Wolves mustn’t be coddled if we hope to balance them with modern ecosystems — and to avoid becoming prey

by Valerius Geist

Nothing convinces like personal experience! And I too am slave to it. As an academic I confess to this with some distress, because by training, experience and attitude I should be above it. That I am not alone in this habit is of little comfort. And so it was with wolves.

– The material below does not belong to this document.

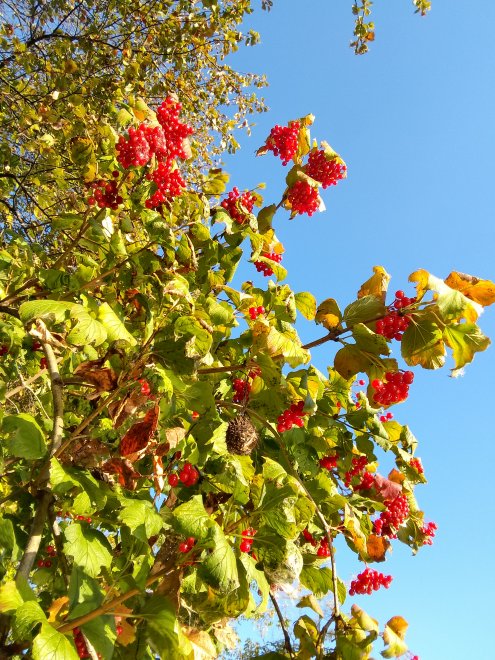 Сентябрь на Ранове. Рязанская область -   (1/4)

In my field research on mountain sheep, goats, moose etc. I also observed wolves, and my experience with North American wolves matches that of colleagues. Consequently, during my academic career and four years into retirement I thought of wolves as harmless, echoing the words of more experienced colleagues while considering the reports to the contrary from Russia as interesting, but not relevant to an understanding of North American wolves. I trusted my wolf-studying colleagues to have done their homework and I dismissed light-heartedly the experiences of others to the contrary. I was wrong!

I saw my first wolf in the wild early one morning in May 1959, on Pyramid Mountain in Wells Gray Provincial Park, British Columbia. I spotted an ash-gray wolf, with a motley coat, sitting and watching me from a quarter mile away with an eager, attentive look about his dark face. His red tongue was protruding, while golden morning light played on his fur. In the spotting scope his image was crisp and clear. I do not know if my heart skipped a beat, but it well might have. Whose wouldn’t?

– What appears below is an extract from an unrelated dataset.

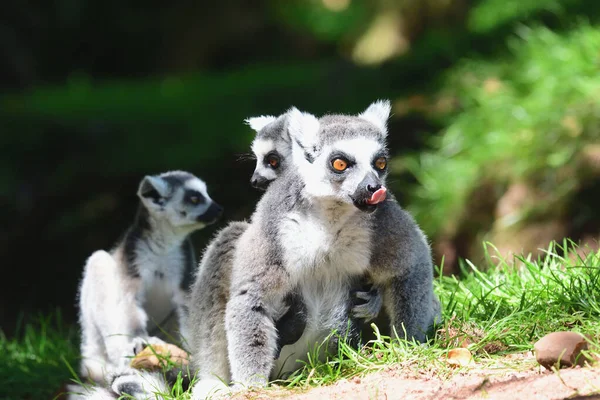 Close Ring Tailed Lemur Lemur Catta Two Babies — Stock Photo, Image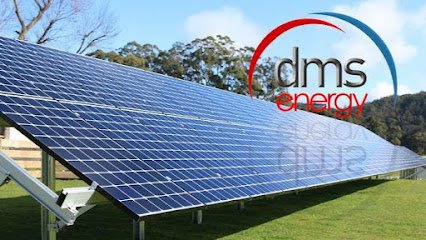 DMS Energy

Five months prior, in early January, I had had an informative brush with a wolf pack just a few miles from that spot. A friend and I were observing moose. We were in the midst of a migration and some two dozen, mostly bulls who had shed antlers, were dispersed over a huge burn. A few were feeding on the tall willows, but most were resting in the knee-deep snow. Suddenly we heard a low, drawn-out moan. When I glanced at the moose I saw that all were standing alert, facing down the valley. We were green then and perplexed about this unearthly sound.

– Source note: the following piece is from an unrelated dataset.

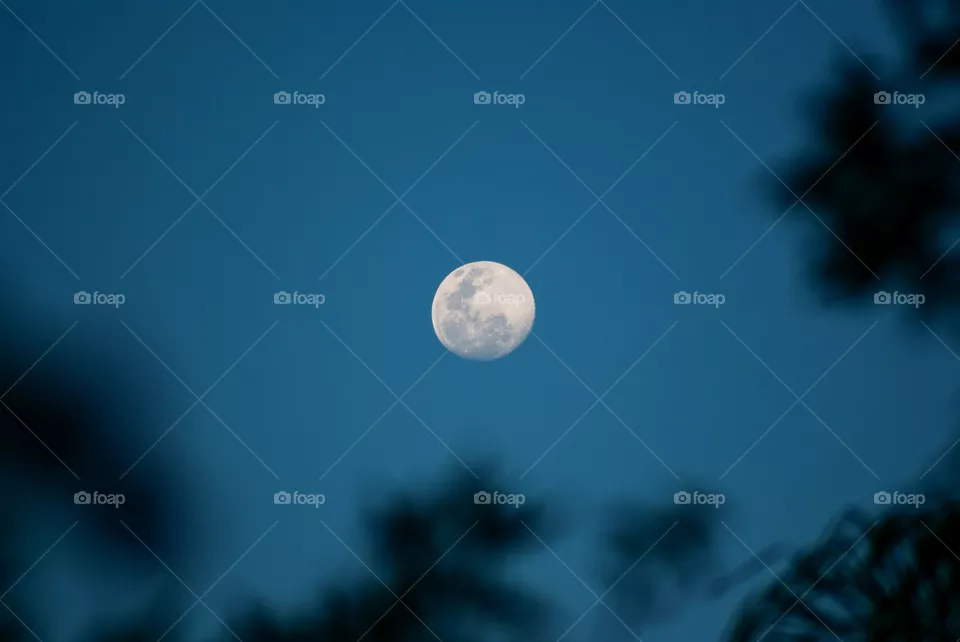 full moon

As if to answer us, a high-pitched voice broke in, and then another and another. We realized we were hearing wolves. Within minutes a chorus was underway—and so were the moose. All were hastily moving up the valley and 10 minutes later the moose had vanished. I opted to stay at our lookout while my friend borrowed my rifle and went to search for the wolves. He saw them at dusk as they walked across a small lake, a pack of seven. Try as he may, the rifle would not fire; it had frozen in the great cold. This may have been kind fortune, for the first wolf I shot with that rifle instantly attacked me, but collapsed before reaching me. The second screamed, and that has triggered pack attacks in the past. Had the pack attacked, I would have been minus a friend in minutes. While a large man can subdue an attacking wolf, even strangle it, there is no defense against an attacking pack.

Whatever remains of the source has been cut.